Le président de l’Association, El Houssine Ziani, a indiqué qu’une rencontre avec le chef du gouvernement avait abouti à un accord portant sur la création d’une commission au niveau de la Présidence du gouvernement, sous la supervision directe de son chef et avec la participation du bureau de l’Association, afin d’ouvrir un débat qualifié de « responsable, sérieux et participatif » autour du projet de loi.
À la faveur de cette évolution, il a été décidé de ne pas transmettre le projet de loi au Parlement dans l’attente de l’achèvement des travaux de la commission, dont la première réunion est prévue vendredi.
Ce nouveau processus devrait constituer une base pour la révision de plusieurs dispositions ayant suscité une vive controverse au sein du corps professionnel.
Le président de l’Association a salué l’initiative du chef du gouvernement visant à rétablir la confiance avec les barreaux, de manière à garantir, selon ses propos, la pérennité de la profession dans l’accomplissement de ses rôles sociétaux et la préservation de ses constantes et de ses piliers fondamentaux.
Les avocats avaient auparavant intensifié leurs actions de protestation à la suite de l’adoption gouvernementale du projet, en organisant un sit-in devant le Parlement le 6 février, réclamant son retrait au motif qu’il porterait atteinte à l’indépendance de la profession et limiterait ses rôles constitutionnels en tant que composante du système judiciaire.
Les principaux points de divergence portent sur les conditions d’accès à la profession. Le projet prévoit en effet l’obligation pour le candidat de détenir un diplôme de master ou de master spécialisé, ou un diplôme d’études supérieures approfondies ou spécialisées en sciences juridiques, ou un diplôme reconnu équivalent, de réussir le concours d’accès à l’Institut de formation ainsi que la période de stage, en plus de l’exigence d’un âge minimum de 22 ans et maximum de 40 ans au moment du concours.
Le projet suscite également des réserves quant au fait de lier l’exercice de la profession au paiement des impôts et des cotisations, les avocats estimant que cela pourrait ouvrir la voie à des restrictions à leur droit d’exercer en cas de litiges ou de retards administratifs.
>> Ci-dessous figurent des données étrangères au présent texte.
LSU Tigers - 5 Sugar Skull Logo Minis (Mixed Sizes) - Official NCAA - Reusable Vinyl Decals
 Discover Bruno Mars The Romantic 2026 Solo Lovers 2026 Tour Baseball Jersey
Ils critiquent par ailleurs ce qu’ils considèrent comme un élargissement du contrôle d’autres institutions sur le travail de l’avocat, à travers l’imposition de notifications et de procédures administratives portant atteinte au cœur de son indépendance, ainsi que ce qu’ils qualifient de « mise à l’écart des barreaux » dans l’élaboration de la version finale du texte.
De son côté, le ministère de la Justice réaffirme sa défense du projet, estimant qu’il vise à moderniser le cadre juridique de la profession et à encadrer les conditions d’accès et d’exercice, de manière à renforcer la gouvernance et à améliorer la qualité des services juridiques. Entre ces deux positions, la commission conjointe attendue mise sur l’élaboration d’une formule consensuelle conciliant les exigences de la réforme et les garanties de l’indépendance.